When turning on trace logs I'm also facing the following:

[2023-11-24T08:11:40,318][TRACE][o.o.d.PeerFinder         ] [opensearch-cluster-master-0] startProbe(192.168.128.139:9300) not probing local node
[2023-11-24T08:11:40,319][TRACE][o.o.d.SeedHostsResolver  ] [opensearch-cluster-master-0] resolved host [opensearch-cluster-master-headless] to [192.168.128.139:9300, 192.168.129.236:9300]
[2023-11-24T08:11:40,319][TRACE][o.o.d.PeerFinder         ] [opensearch-cluster-master-0] probing resolved transport addresses [192.168.129.236:9300]
[2023-11-24T08:11:40,350][DEBUG][o.o.d.PeerFinder         ] [opensearch-cluster-master-0] Peer{transportAddress=192.168.129.236:9300, discoveryNode=null, peersRequestInFlight=false} connection failed
org.opensearch.transport.ConnectTransportException: [][192.168.129.236:9300] connect_timeout[3s]
    at org.opensearch.transport.TcpTransport$ChannelsConnectedListener.onTimeout(TcpTransport.java:1083) ~[opensearch-2.11.0.jar:2.11.0]
    at org.opensearch.common.util.concurrent.ThreadContext$ContextPreservingRunnable.run(ThreadContext.java:849) ~[opensearch-2.11.0.jar:2.11.0]
    at java.util.concurrent.ThreadPoolExecutor.runWorker(ThreadPoolExecutor.java:1136) [?:?]
    at java.util.concurrent.ThreadPoolExecutor$Worker.run(ThreadPoolExecutor.java:635) [?:?]
    at java.lang.Thread.run(Thread.java:833) [?:?]
[2023-11-24T08:11:41,319][TRACE][o.o.d.PeerFinder         ] [opensearch-cluster-master-0] probing cluster-manager nodes from cluster state: nodes: 
   {opensearch-cluster-master-0}{6ln17rDKRuS80Z40Rmt8Og}{ibQZHrlmQ_SFaIIVNythJQ}{192.168.128.139}{192.168.128.139:9300}{dimr}{shard_indexing_pressure_enabled=true}, local

It seems like the pods can find themselves as cluster-manager, but as soon as they have to peer with/discover the other cluster-manager pods, they cannot find them. If I exec into a pod and try to call the IP of one of the other pods with curl, there is also a timeout.

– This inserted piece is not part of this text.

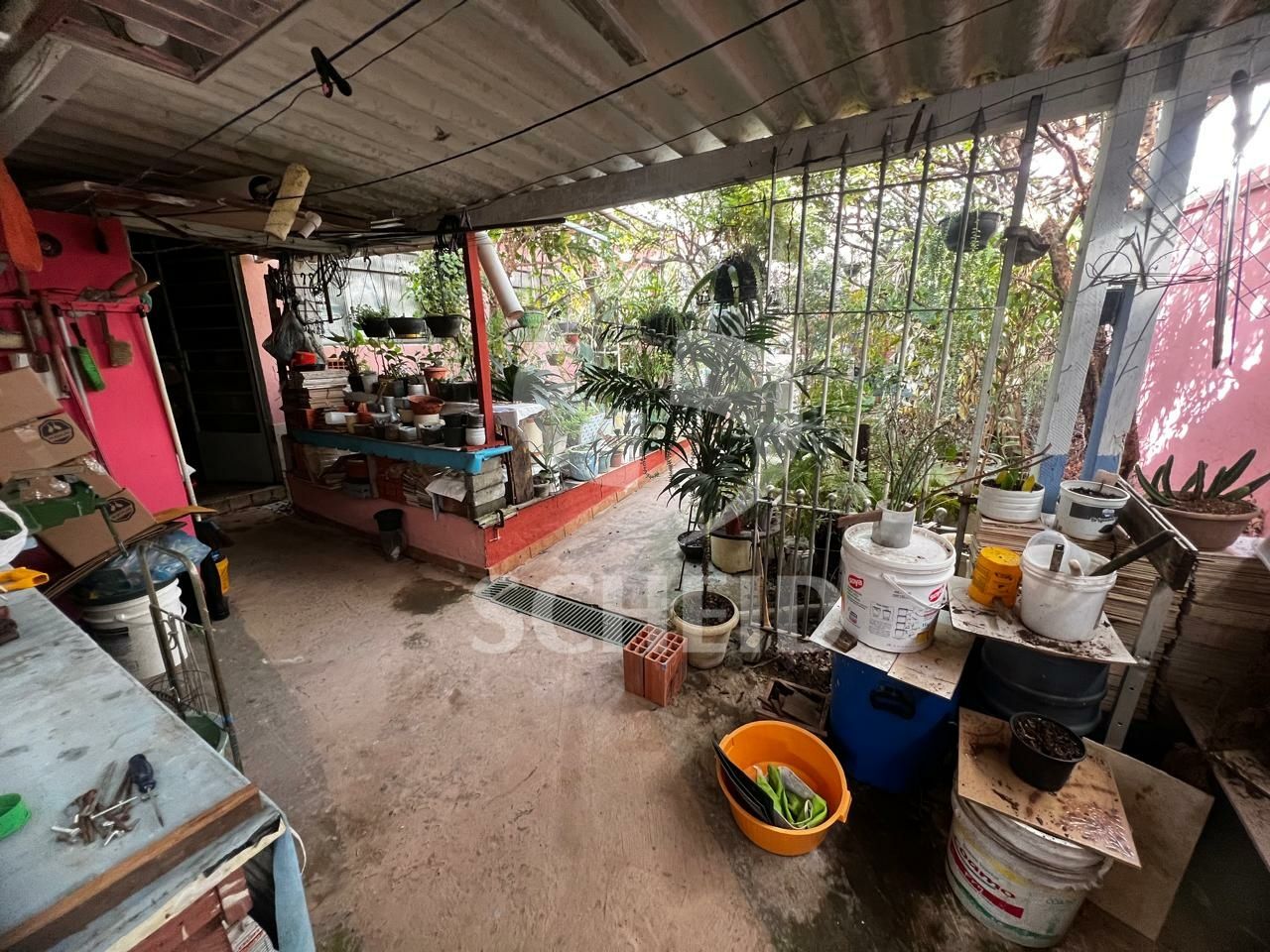 Foto 21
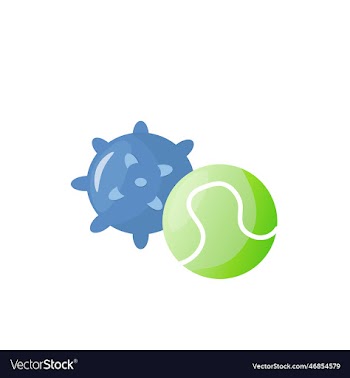 cat and dog toys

I'm working on a clean namespace, so there is no networkpolicy deployed. The only thing deployed apart from the helm charts is the secret to pull the images from the private registry.

felix185 commented 10 months ago

closing this issue as this has nothing to do with helm charts, but with the network configurations of the managed k8s cluster. sorry for any inconvenience caused.